New insights into nanomaterials with applications from high temperature superconductivity to insulators
Since the discovery of high temperature superconductivity in perovskite oxides in 1986, the unearthing of a huge range of physical phenomena in transition metal oxides (TMOs) has been nothing short of remarkable, e.g. new magnetics, ferroelectrics, multiferroics, semiconductors, transparent conductors, calorics, plasmonics, catalysts, ionic conductors. Nearly 150,000 papers were published on the topic ‘oxide+thin film’ in the last 10 years, not far from the number published on graphene in this same period. However, there are few applications of complex oxide thin films today. The underlying reason is the lack of understanding of the materials, in terms of their defective nature and in terms of how to engineer them to be perfect and strained optimally. Addressing the oxide electronics bottleneck is long overdue and requires nanoscale engineering, an area which has hardly been touched upon. This talk will discuss new insights into the materials nanoengineering from the author’s group, with examples given of unprecedented functional property enhancements in systems such as ferroelectrics, ferromagnetics and ionics. Examples will also be given of the author’s work in the area of oxide superconductor nanoengineering which has enabled applications to take off.
Professor Judith Driscoll
Judith Driscoll is a Professor in the Materials Science Dept. in Cambridge. Her research is in the area of oxide materials nanoengineering. She is also one of a handful of Long Term visiting staff members at Los Alamos National Lab, a position she has held for 12 years.
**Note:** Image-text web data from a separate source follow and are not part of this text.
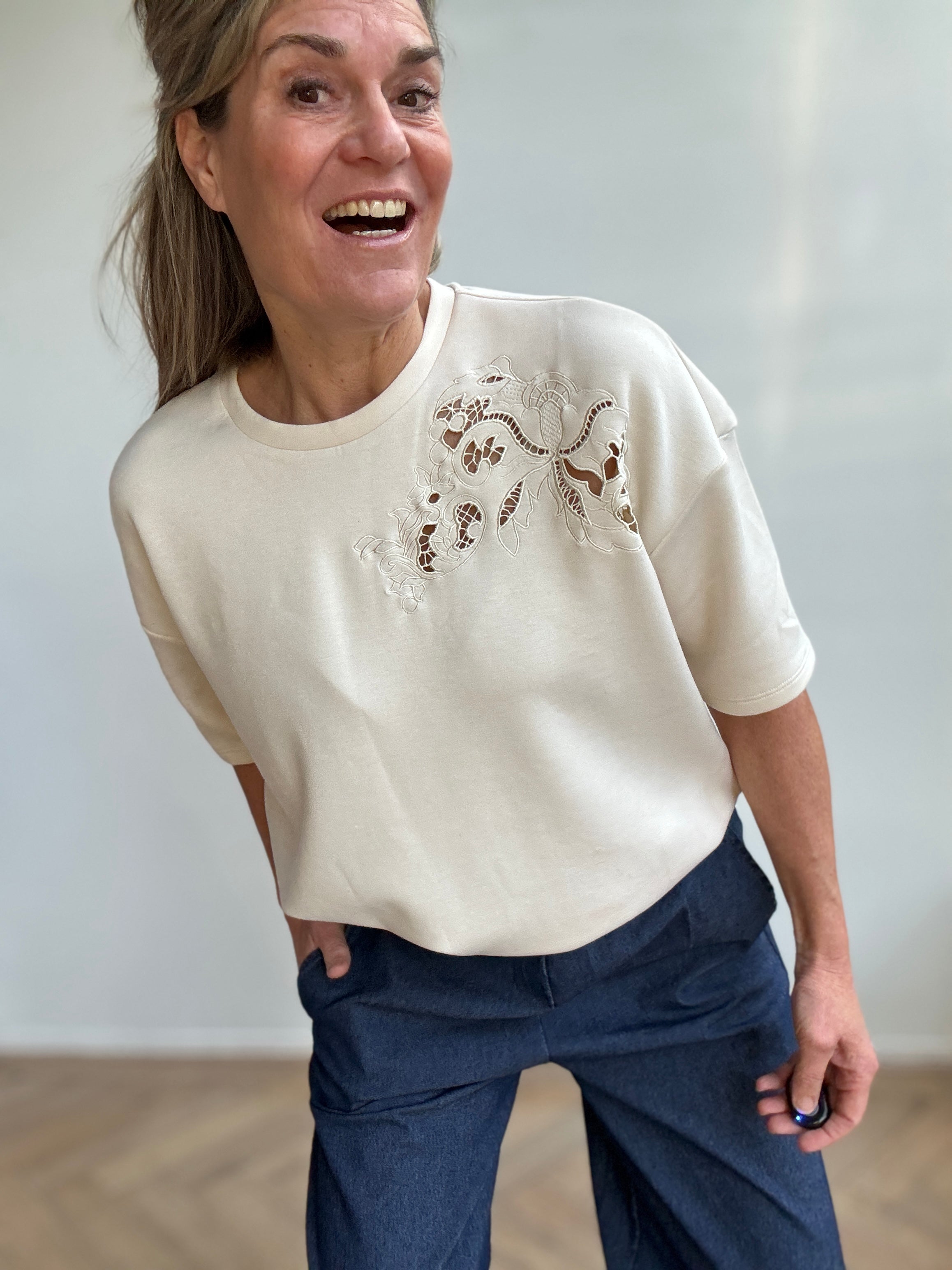 Trui - AMINAS O-NECK 2/4 SWEAT TOP - Vila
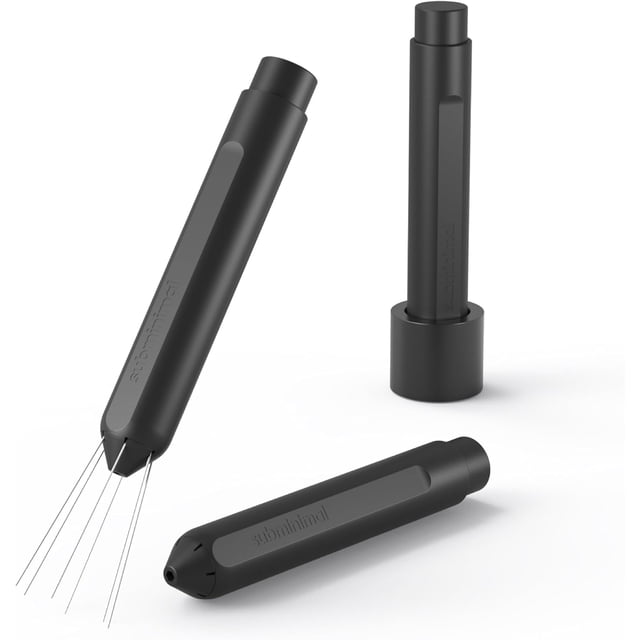 Subminimal Flick WDT Tool| Pen Design Weiss Distribution Technique Espresso Making Tool, Fine Needles, Spring-Loaded Auto Hide Needles, Safe, Easy to Use, 2X Stands in The Box - Black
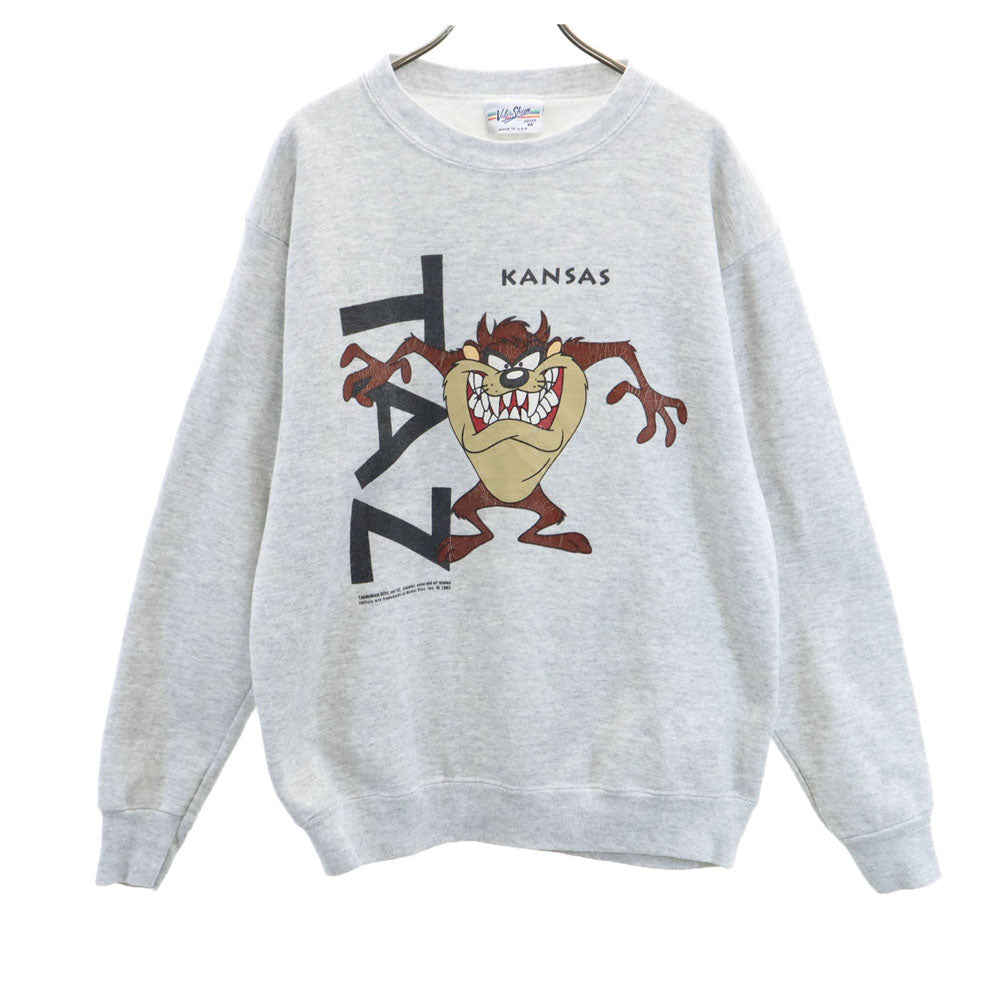 Velva Sheen ベルバシーン 90s USA製 オールド ワーナーブラザーズ プリント 長袖 スウェット トレーナー M グレー系 裏起毛 メンズ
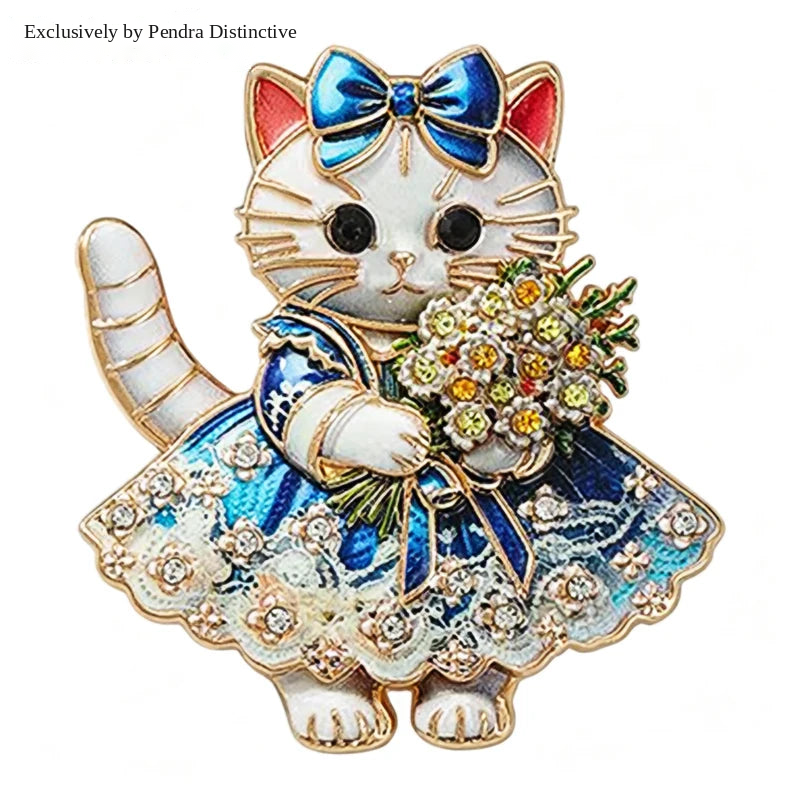PENDRA Floral Cat Dress Brooch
She is a Fellow of the Institute of Physics, a Fellow of the American Physical Society and Fellow of the Materials Research Society. She won the 2015 Institute of Physics Joule Medal for applications of physics and the 2015 inaugural Royal Academy of Engineering Armourers and Brasiers Medal for materials engineering leading to industrial applications.
Prof. Driscoll has more than 10 patents, several of which have been taken up by industry worldwide. She consults for companies in the UK, the US, Korea, and Germany. She has over 350 research publications which have been cited nearly 10,000 times.
Prof. Driscoll is founding Editor-in-Chief of a relatively new (started in 2013) journal from the American Institute of Physics, APL Materials.